Nielsen only offers live program-plus-same day time-shifted viewing for local TV. That said, a 2018 4A’s industry report said “live plus one ratings at the local level tie closely to C7 ratings [on the national level] on an index basis.”
Right now, most media agencies don’t ink deals on local TV viewer impressions. Magna Global says it believes it is the first to do so, according to an Axios report.
Why wasn’t this done earlier?
Frank Comerford, the CRO-president of commercial operations for NBCUniversal Owned Television Stations -- which will be one of the first TV station groups to move to impressions -- has said TV station executives were worried about upsetting the “apple cart.”
Does that mean these executives were concerned that a transition period to impressions to establish new client-based ad-pricing levels would possibly lose more business to locally focused digital media platforms?
With some $20 billion a year on the line when it comes to traditional local TV station ad revenue, maybe that’s an easy answer.
Wayne, media planners do not create plans for their branding clients the same way that direct response media people do, The latter are trying to sell a given number of items relative to a number of attempts---"impressions". Hence it is perfectly valid for the DR types to estimate their normal---or expected---response rate and buy whatever number of "impressions" or eyeball "exposures" that may generate the desired outcome.

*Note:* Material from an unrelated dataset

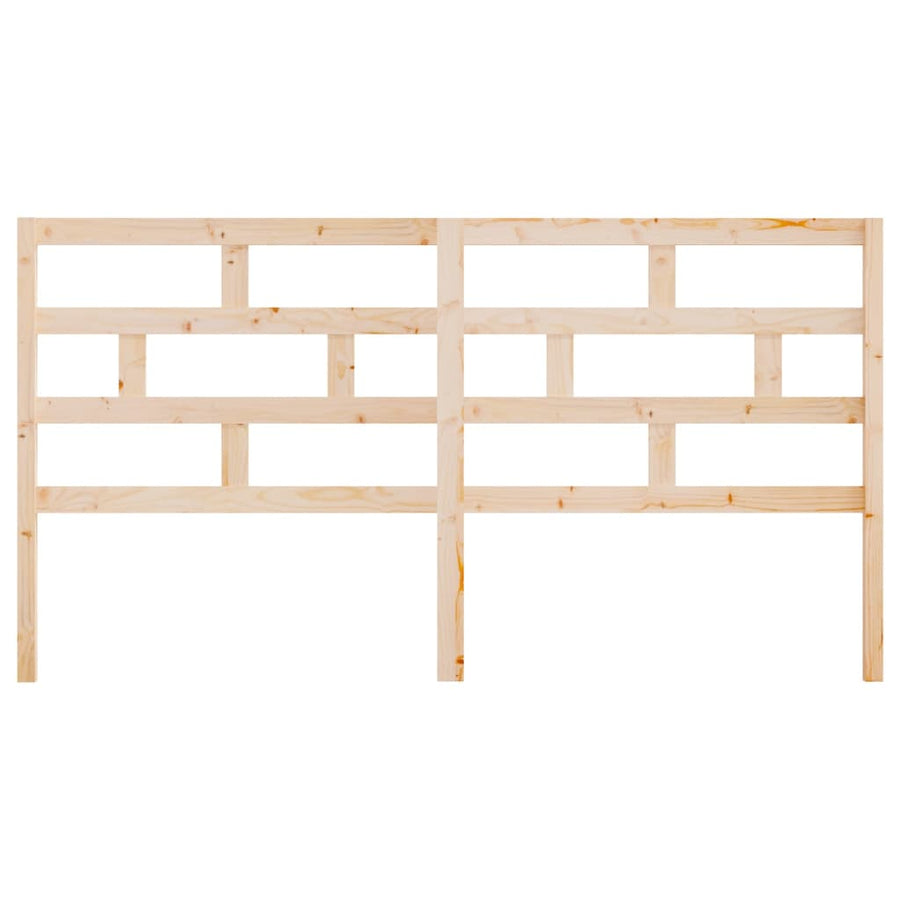 Hoofdbord 206X4X00 Cm Massief Grenenhout 206 x 100 cm Naturel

Branding advertisers, on the other hand, are concerned with how well they are covering a target group with their ad message. So they look at the market in terms of percentages. The goal may be to reach 75% per month an average of 4 times. That translates to 300 GRPs per month To determine what TV ad schedule can deliver that reach and frequency you will have to convert "impressions" into percantages using the population---or target group---universe as the base for the calculation. This can be done for any medium--TV, radio, print, OOH and digital. Yet there seems to be a silly reluctance to convert digital "impressions" into ratings---or GRPs. In reality, the two are exactly the same thing--one indicates the number of eyeballs; the other expresses it as a percentage. In short, this "move" is not really a change at all. Buyers for branding clients willl still be given GRP as their goal, not "impressions".
Yet again, Ed Papazian has covered the territory well...
and I agree with his observations and recommendations.
Yet, I cannot help but observe that this
latest obsession with impressions really makes
a "bad impression" when it comes to knowledge
and transparency in the local TV Stations business.
I respect Brad Adgate and certain Media Agencies,
however, "using audience instead of ratings"
makes no sense. It's nonsense, in fact.
To substitute the low standards of digital "audience" measurement
for the threatened standards of TV audience measurement
makes it seem as if so-called "data scientists" have replaced
the media researchers to the detriment of quality in media planning and buying.